Problem to solve
Repeat the records in full and exactly, omitting pictures.

Dataset records
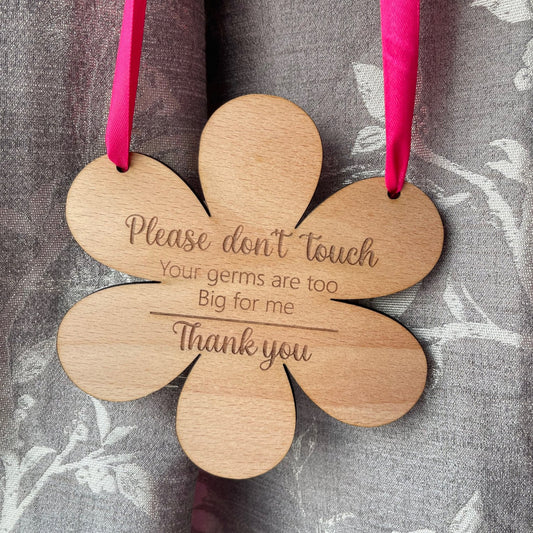 Embrace the beauty of motherhood with our protective flower-shaped beech wood hanging sign. Measuring 145mm by 148mm and crafted from durable 4mm wood, this enchanting piece serves as both a stylish decoration and a shield for your precious one. Engraved with 'Please do not touch, your germs are too big for me, thank you,' and available with your choice of blue or pink ribbon.
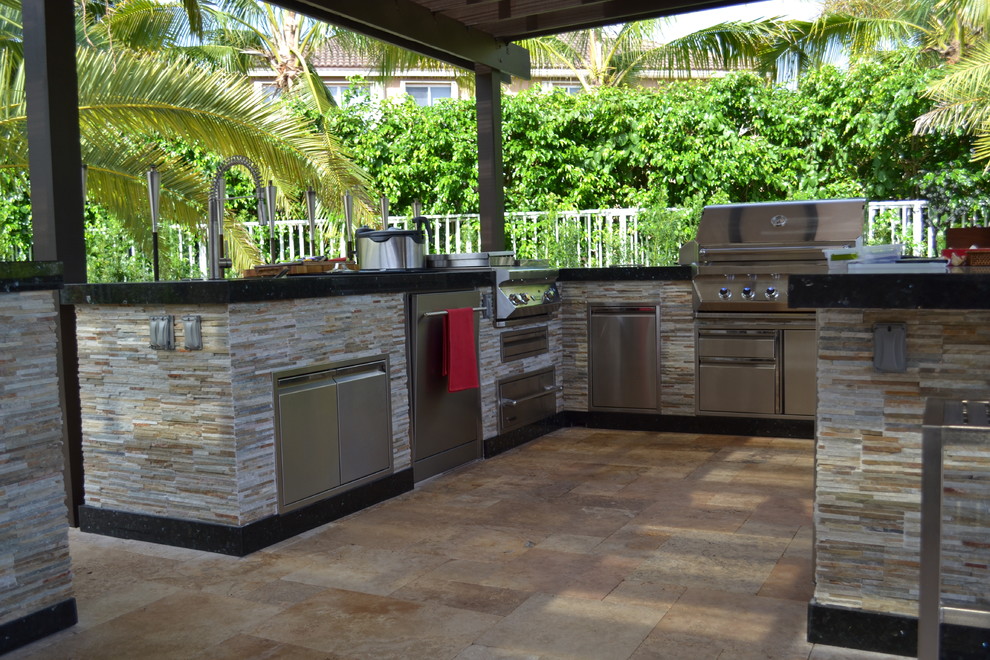 This is an example of an expansive mediterranean back patio in Miami with an outdoor kitchen, natural stone paving and a pergola.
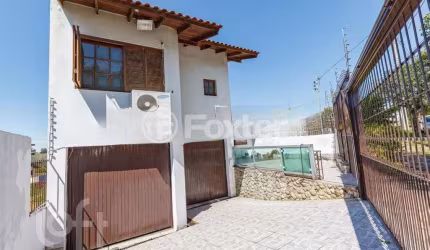 Casa com 4 quartos à venda na Avenida Edu Las-Casas, 565, Parque Santa Fé, Porto Alegre, 237 m2 por R$ 649.000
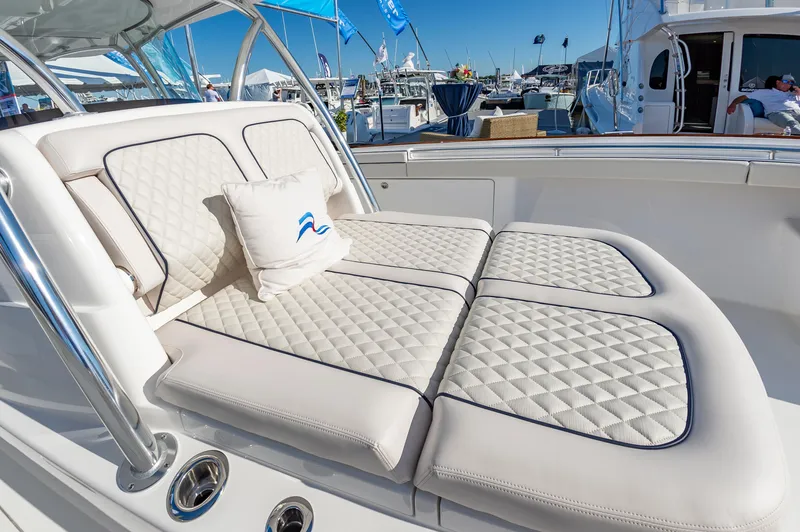 Slide: The Image of Luxurious seating on 2025 Valhalla Boatworks V-41, featuring quilted cushions and nautical decor. - 14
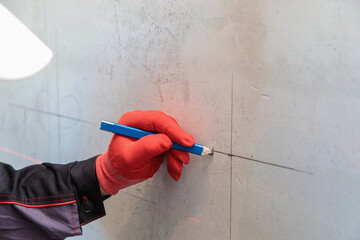 A man, an electrician marks out holes for sockets with a pencil, a tape measure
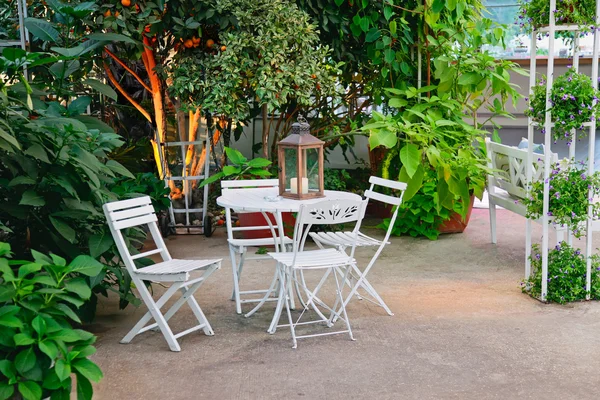Mesa branca e cadeiras em belo jardim . — Fotografia de Stock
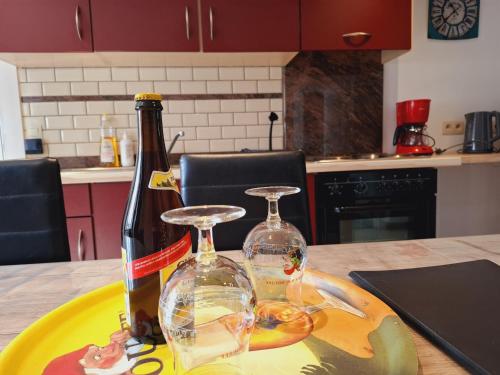 a bottle of wine and two glasses on a table at Le Gai Pinson in Beausaint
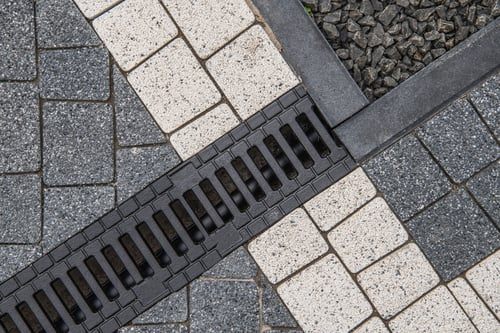 Linear drainage channel installed between paver surfaces to carry surface water away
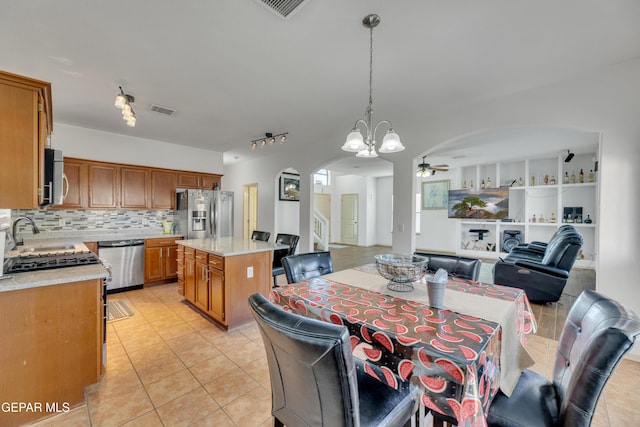 kitchen with pendant lighting, sink, appliances with stainless steel finishes, backsplash, and a kitchen island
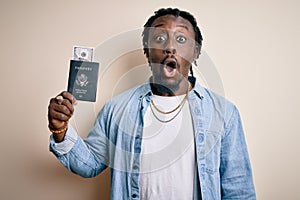 Young african american tourist man holding passport with dollars banknotes as money travel scared in shock with a surprise face,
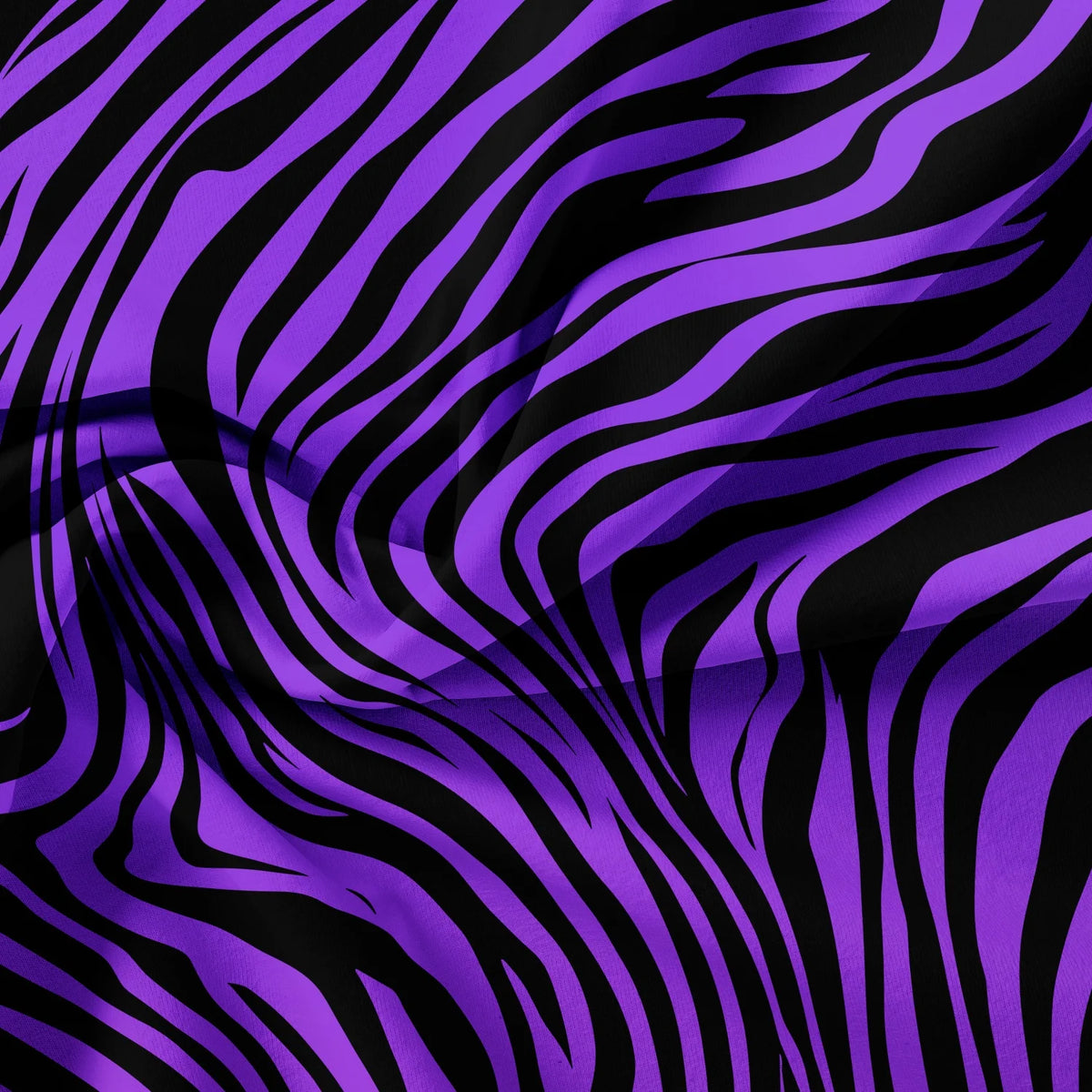 A close-up of a fabric with a bold purple and black zebra print pattern.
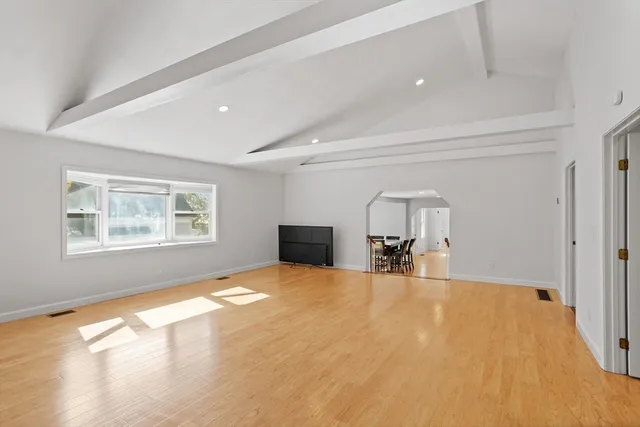 a view of empty room with fireplace and window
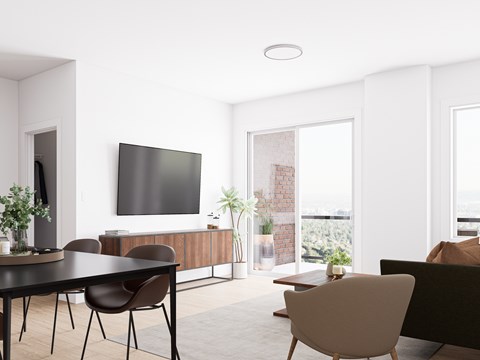 A modern living room with a flat screen TV, a black table and brown chairs.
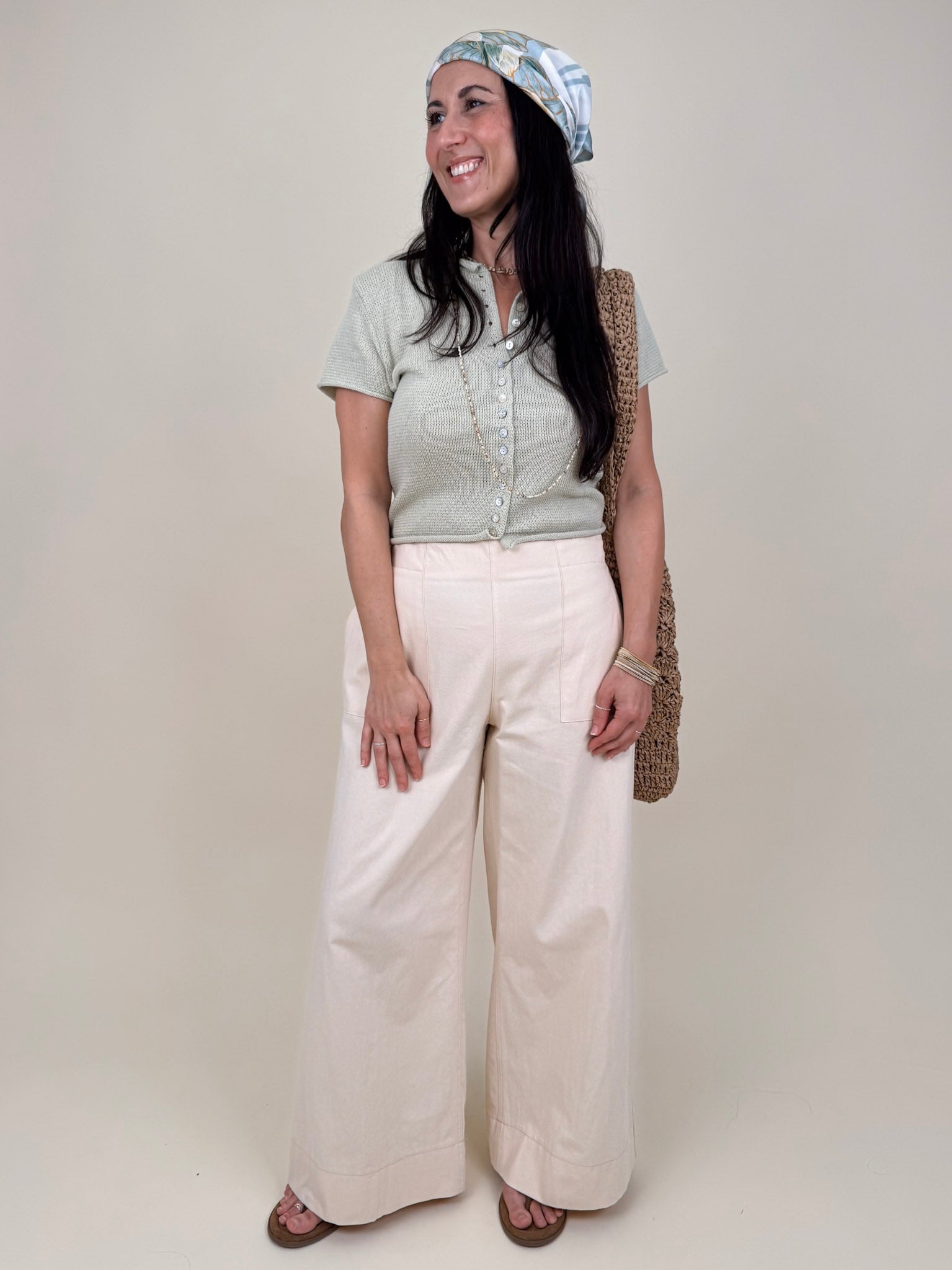 Stay Cool Sweater Top with pearl button front closure and short sleeve knit silhouette — Paper Doll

Output for this task
 Embrace the beauty of motherhood with our protective flower-shaped beech wood hanging sign. Measuring 145mm by 148mm and crafted from durable 4mm wood, this enchanting piece serves as both a stylish decoration and a shield for your precious one. Engraved with 'Please do not touch, your germs are too big for me, thank you,' and available with your choice of blue or pink ribbon.
 This is an example of an expansive mediterranean back patio in Miami with an outdoor kitchen, natural stone paving and a pergola.
 Casa com 4 quartos à venda na Avenida Edu Las-Casas, 565, Parque Santa Fé, Porto Alegre, 237 m2 por R$ 649.000
 Slide: The Image of Luxurious seating on 2025 Valhalla Boatworks V-41, featuring quilted cushions and nautical decor. - 14
 A man, an electrician marks out holes for sockets with a pencil, a tape measure
Mesa branca e cadeiras em belo jardim . — Fotografia de Stock
 a bottle of wine and two glasses on a table at Le Gai Pinson in Beausaint
 Linear drainage channel installed between paver surfaces to carry surface water away
 kitchen with pendant lighting, sink, appliances with stainless steel finishes, backsplash, and a kitchen island
 Young african american tourist man holding passport with dollars banknotes as money travel scared in shock with a surprise face,
 A close-up of a fabric with a bold purple and black zebra print pattern.
 a view of empty room with fireplace and window
 A modern living room with a flat screen TV, a black table and brown chairs.
 Stay Cool Sweater Top with pearl button front closure and short sleeve knit silhouette — Paper Doll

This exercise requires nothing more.